En disant ces mots, il scrutait attentivement les deux gourmands et notait soigneusement leurs mines piteuses, les regards de convoitise qu’ils jetaient sur le plat ou le verre. Sans le savoir il leur infligeait ainsi un cruel supplice, tant il est vrai que tout se paye.

– Impossible de vous satisfaire, disait d’un air navré un des moines.

– Pourquoi? demandait Pardaillan.

– Hélas! mon frère, on nous a formellement interdit d’accepter rien de vous.

– Sous peine de la discipline, ajoutait l’autre.

– La discipline et autres châtiments corporels, et l’in-pace [9], et la diète forcée et…

– N’en parlons plus, interrompait Pardaillan.

Et en lui-même il ajoutait:

– Pardieu! ils n’auraient garde d’y goûter: les sacripants savent que ces mets sont empoisonnés.

Dans ce troisième jour, frère Bautista et frère Zacarias (pourquoi ne ferions-nous pas connaître les noms des deux moines gardiens?) se montrèrent plus affectés que jamais, affectés et furieux; navrés, parce qu’ils enrageaient de voir tant de si succulentes choses, tant de vins fameux leur passer inexorablement sous le nez sans pouvoir seulement tremper un doigt dans une sauce ou s’humecter la langue d’une larme de ce liquide doré, chaud et velouté, qui étincelait dans les flacons intacts; furieux, parce qu’ils n’étaient pas éloignés de croire que leur prisonnier s’obstinait ainsi uniquement pour leur faire pièce.
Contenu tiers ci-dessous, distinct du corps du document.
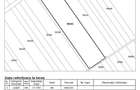 Teren Intravilan Industrial Darvari Ciorogarla nod Centura A0 17194mp - 3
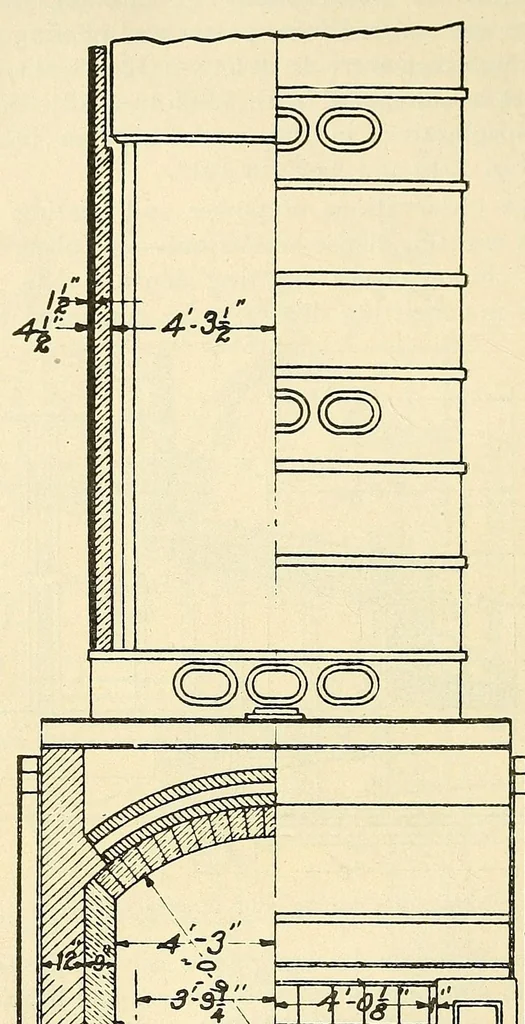 An illustration from Journal of the Association of Engineering Societies, 1881, leaf 172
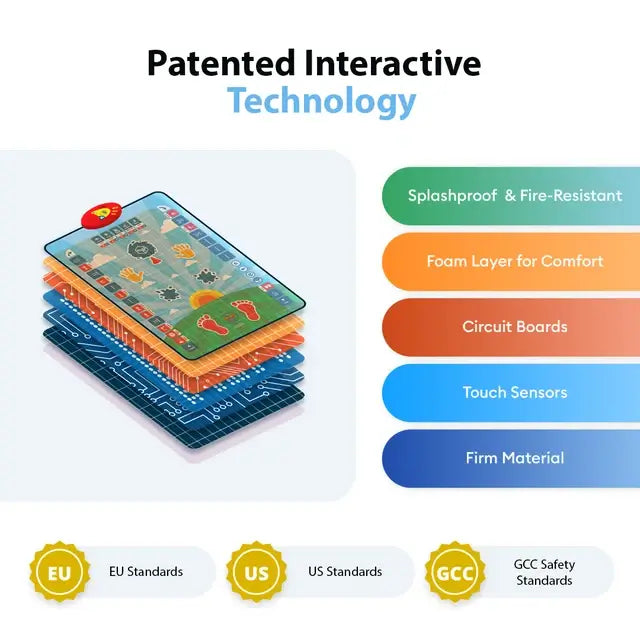 Layer diagram of the Kids Interactive Prayer Mat (Blue): foam, circuit boards and touch sensors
Or, voici qu’à l’heure du dîner, les deux moines se présentèrent devant Pardaillan comme d’habitude. Seulement, au lieu de dresser le couvert dans la chambre, frère Bautista, qui paraissait radieux ainsi que son digne acolyte Zacarias, annonça d’une superbe voix de basse:

– Si monsieur le chevalier veut bien passer au réfectoire, nous aurons l’honneur de lui servir le dîner.
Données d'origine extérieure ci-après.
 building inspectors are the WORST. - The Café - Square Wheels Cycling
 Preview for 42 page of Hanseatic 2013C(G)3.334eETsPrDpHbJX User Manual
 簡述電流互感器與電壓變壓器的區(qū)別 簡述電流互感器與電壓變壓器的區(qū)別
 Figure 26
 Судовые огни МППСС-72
Pardaillan fut ébahi de cette annonce. Que signifiait cette fantaisie et quelle surprise douloureuse ou quel piège dissimulait-elle?

À voir les mines béates et radieuses de ses deux gardiens, à leurs sourires entendus, aux coups d’œil malicieux qu’ils échangeaient, il crut comprendre qu’il se tramait quelque chose de louche contre lui. Il répondit donc sèchement:

– Mon révérend, je vous ai dit une fois pour toutes que je ne voulais point manger. Vous n’aurez donc pas l’honneur de me servir le dîner, attendu que je suis résolu à ne point bouger d’ici.

Ayant dit, il se jeta dans son fauteuil et leur tourna le dos.

Les deux moines se regardèrent consternés. Leur nez s’allongea d’une manière inquiétante, leur large bouche se crispa en un rictus larmoyant, de leur vaste poitrine jaillit un soupir capable de renverser un jeune arbrisseau.

Dans leur déception, d’autant plus cuisante que plus imprévue, ils étaient affreux et parfaitement grotesques. Si Pardaillan avait cru à leur sincérité réelle, et qu’il les eût vus en ce moment, il n’eût pu s’empêcher de rire. Mais comme il croyait à une comédie, il eût, certes, admiré ce qu’il eût pris pour un art consommé.

Cependant, frère Bautista, qui était le plus inconscient des deux, partant le plus disposé à se mettre en avant, fit une tentative désespérée, et sur un ton qui n’admettait pas de réplique:

– Il faut venir cependant, trancha-t-il.

Pardaillan, frappé de ce ton, presque menaçant, se redressa aussitôt, et avec un sourire narquois, il goguenarda:

– Il faut!… Pourquoi?

– C’est l’ordre, dit plus doucement frère Zacarias.

– Et si je refuse d’obéir à l’ordre? railla Pardaillan.

– Nous serons forcés de vous porter.

Pardaillan fit rapidement deux pas en avant. Il n’avait rien pris depuis bientôt trois jours, mais il sentait bien qu’il était encore de force à mettre facilement à la raison les deux insolents frocards. Il allait donc projeter ses deux poings en avant lorsqu’une réflexion subite arrêta le geste ébauché:

– Niais que je suis, songea-t-il. Qui sait si je ne trouverai pas l’occasion cherchée de fausser compagnie à tous ces moines, que l’enfer engloutisse! Dans tous les cas, j’ai intérêt à connaître le plus possible les tours et détours de ce couvent. On ne peut pas savoir…

Le résultat de cette réflexion fut qu’au lieu de frapper comme il en avait eu l’intention, il répondit paisiblement avec son plus gracieux sourire:

– Soit! j’irai donc de plein gré, à seule fin de vous éviter la peine de me porter.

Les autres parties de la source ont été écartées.